Em entrevista ao canal de Claudio Dantas no YouTube, Eduardo declarou que, apesar de reconhecer Tarcísio como um “bom gestor” e pessoa “honesta”, ele estaria cercado de figuras políticas distantes da direita.
“O perfil do Tarcísio realmente não é de combate ao establishment. Ele tem pessoas no primeiro escalão e em secretarias ligadas ao PSOL e ao PT”, afirmou.
“Bom gestor, mas não é o que a base espera”
O filho do ex-presidente Jair Bolsonaro reforçou que sua crítica não se dirige à honestidade de Tarcísio, mas ao modo como ele conduz a política.

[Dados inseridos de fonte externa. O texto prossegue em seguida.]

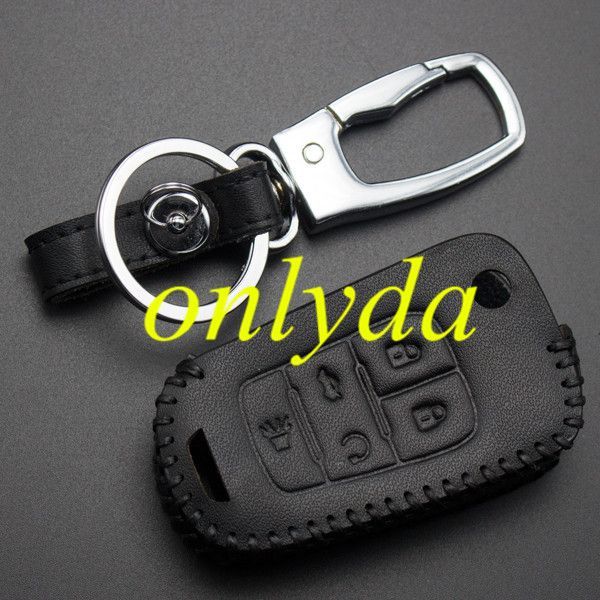 For Buick 4+1 button key leather case used new Lacrosse,new Regal.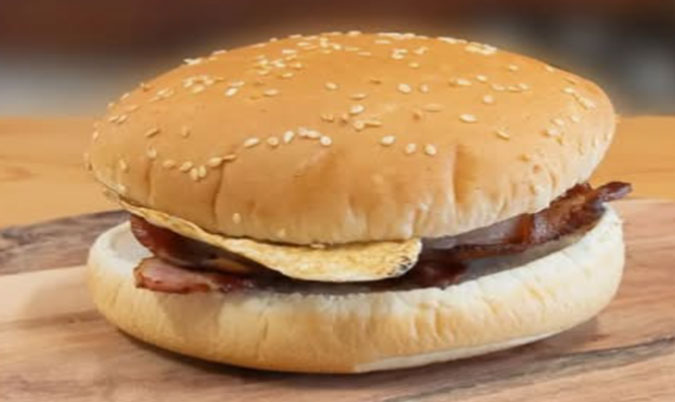 Bacon and Egg Roll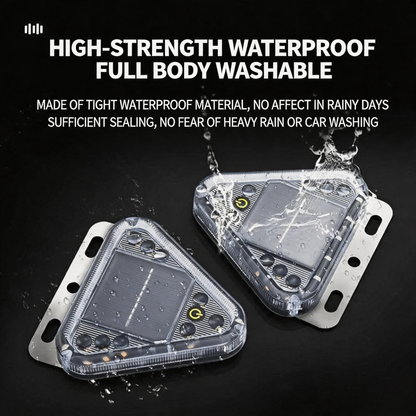 2 in 1 Solar Triangle Lights Car Emergency Warning LED Lamp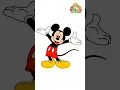 Learn to Draw Disney s Mickey Mouse - Drawing and Coloring Tutorial for Kids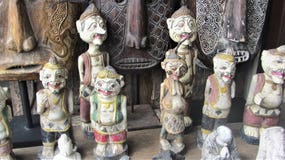 Close-up van Balinese ambachten royalty-vrije stock foto's Close-up van Balinese ambachten royalty-vrije stock foto's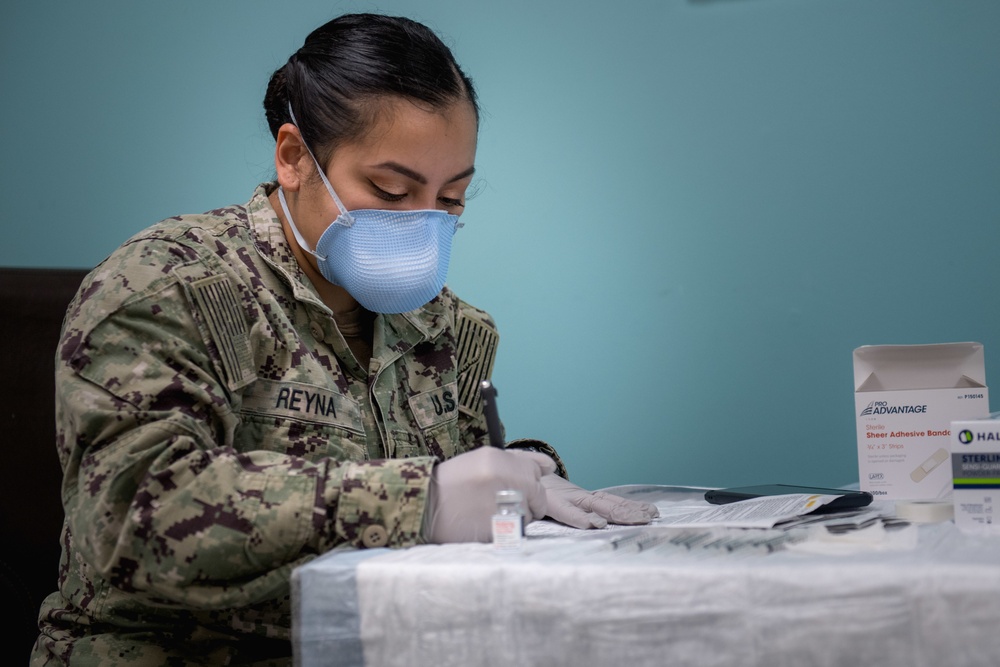 Bahrain Navy Medical Administers COVID-19 Vaccine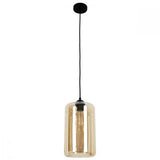 CLA Lighting Mason Oblong Shaped Pendant in Amber Clear and Smoked Glass 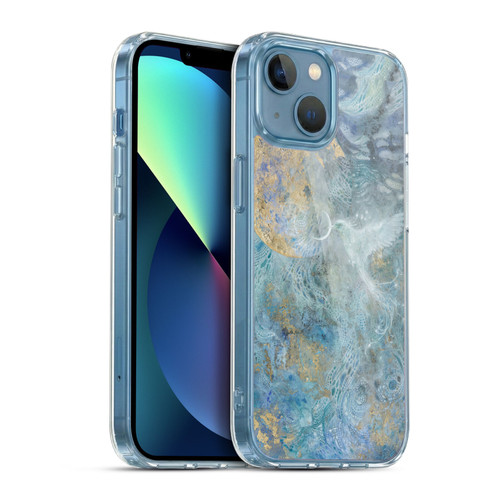 Stephanie Law Birds Silvers Of The Moon Soft Gel Case for Apple iPhone 13 Mini & MagSafe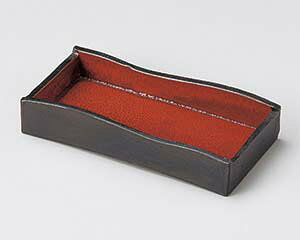 【まとめ買い10個セット品】和食器 カ125-098 ジャパネスク長角突出皿小【キャンセル/返品不可】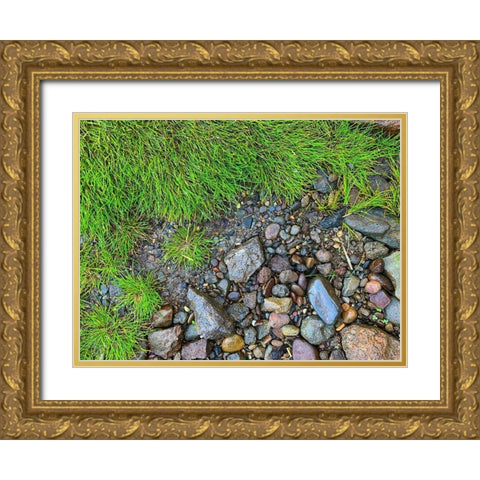 Boundary I Gold Ornate Wood Framed Art Print with Double Matting by Grayscale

“Não estou criticando o caráter do Tarcísio. Mas acredito que a nossa base espera outra postura quando vota em nós”, acrescentou.
Eduardo nega substitutos à direita
Questionado sobre outros possíveis presidenciáveis, Eduardo citou Ronaldo Caiado (União Brasil) e Ratinho Júnior (PSD-PR), classificando-os como políticos de centro ou centro-direita. Para ele, suas candidaturas não prejudicam o eleitor, mas não representam o bolsonarismo raiz.
“Deixa o eleitor decidir. Mas não vejo nesses nomes uma representação direta da nossa base”, disse.
Disputa interna e ameaça de saída do PL
As críticas surgem no momento em que Tarcísio ganha força como possível candidato ao Planalto em 2026. Enquanto isso, Jair Bolsonaro segue inelegível até 2030, mas insiste em afirmar que tentará disputar o próximo pleito, sem indicar um sucessor.
Na semana passada, Eduardo chegou a ameaçar deixar o PL caso o governador paulista migre para a sigla, movimento incentivado pelo presidente do partido, Valdemar Costa Neto.
Eduardo como alternativa
Indagado se poderia suceder o pai, Eduardo admitiu essa possibilidade:
“Pelo respaldo popular que tenho, acredito que sim. Mas só serei candidato em caso de necessidade. Na impossibilidade de Jair Bolsonaro, quero levar adiante a voz da direita”, declarou, destacando sua experiência no Parlamento e na política internacional.